Member update: Temporary Foreign Worker policy approach from the federal government

May 5, 2026

The federal government has unveiled an updated immigration and Temporary Foreign Worker (TFW) strategy as part of its ongoing target to reduce the share of temporary residents to under 5per cent of Canada’s total population by the end of 2027. While these reforms impose stricter caps on low-wage TFW streams in metropolitan areas, they also provide specific rural exemptions and announce a one-time In-Canada Workers Initiative (Temporary Resident (TR) to Permanent Resident (PR) pathway) for 33,000 workers.

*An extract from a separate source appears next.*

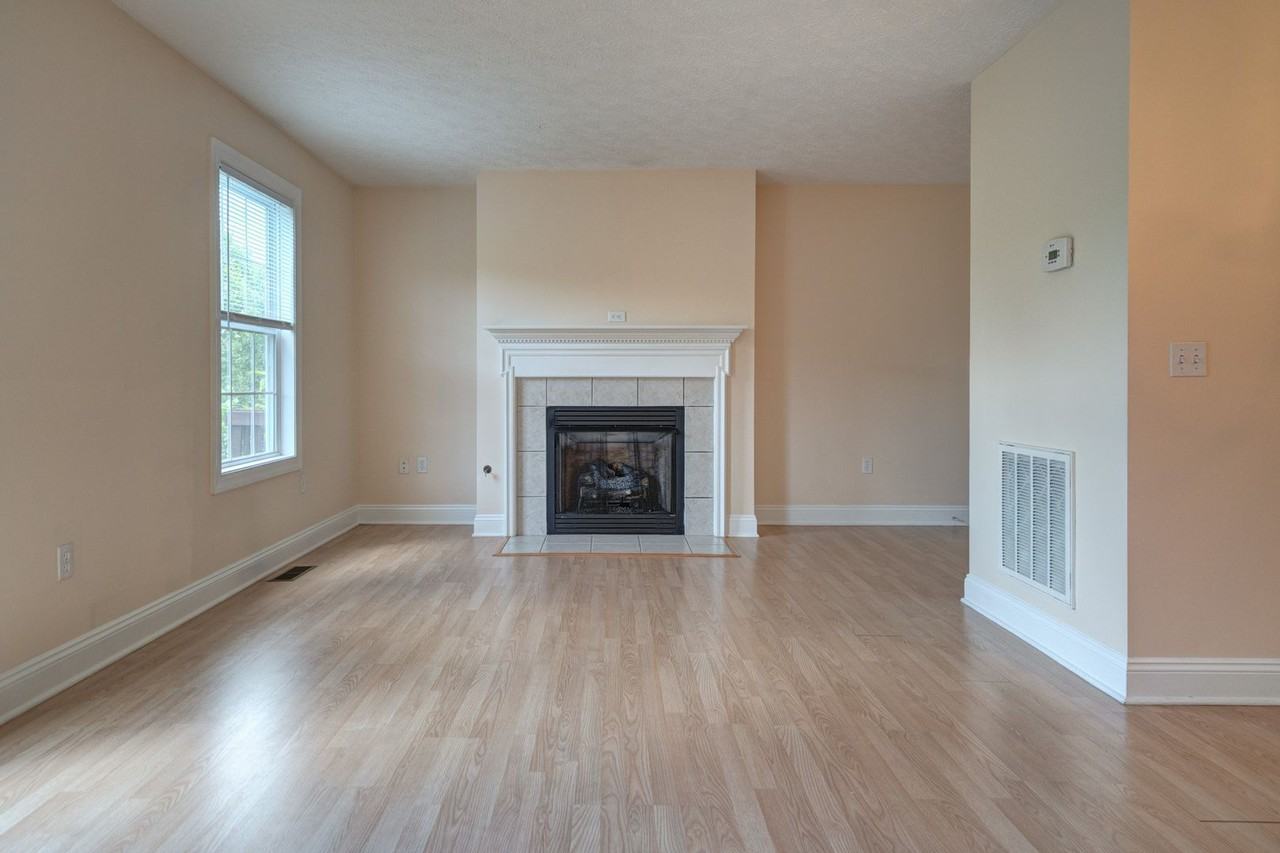 815 Oaktree Blvd - Photo 5 of 33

Key policy approaches by the federal government

  • Stricter limits on low-wage TFWs: The government has reduced the allowable share of low-wage TFWs for most employers from 20per cent to 10per cent, though rural employers can retain 15per cent through March 31, 2027.
  • TR-to-PR pathway (In-Canada Workers Initiative): A targeted one-time measure to transition at least 20,000 temporary residents to permanent residents in 2026 and the remaining 13,000 in 2027, prioritizing in-demand sectors and workers with established roots in Canada.
  • It is important to note this only applies to TRs who are currently in Canada who applied through:
    • Provincial Nominee Program;
    • Atlantic Immigration Program;
    • Community immigration pilots;
    • Caregiver pilots;
    • Agri­Food Pilot; and
    • Have been living in smaller communities in Canada for 2 years or more.
  • Applicants do not need to take any action because they have been identified through occupation driven pilots and well-established regional immigration programs, with IRCC saying 3,600 workers have already been granted permanent residency this year through this program before it was announced.
  • Two-step immigration alignment: Continued preference for identifying and integrating temporary workers already residing and working in Canada rather than relying entirely on overseas applications.

Important note on rural exemptions: Effective April 1, 2026, rural employers in eligible regions may temporarily hire up to 15per cent of their workforce through the low-wage TFW Program. However, applications are subject to strict Labour Market Impact Assessment (LMIA) requirements and a maximum employment duration of one year.

Note for AIA Canada members

The Canadian auto care sector faces persistent structural shortages of skilled labour, including automotive service technicians and parts specialists. The updated guidelines impact our members in the following ways:

  • High-skilled TFWs: High-skilled streams remain largely exempt from low-wage caps, but processing times and LMIA scrutiny continue to present administrative challenges for international recruitment.
  • Retention and PR pathways: The 33,000 TR-to-PR fast-track mechanism offers an important opportunity to retain foreign workers who have been with Canadian auto shops for over 18 months, converting them to permanent workers.
  • Regional disparities: Urban auto shops may find it harder to hire workers under low-wage TFW streams due to a reduced 10per cent cap, while rural shops can leverage the temporary 15per cent cap.

Suggested actions

  • Review your current roster of foreign workers and determine their eligibility for the one-time TR-to-PR pathway, based on the program through which they applied to work in Canada and the duration of their stay so far.
  • If operating in a qualifying rural area, consider filing LMIA requests utilizing the 15 per cent cap rule before the provision expires in March 2027.
  • Keep up-to-date with provincial employer registration rules and ensure that domestic advertising efforts continue for at least 8 weeks prior to submitting an LMIA.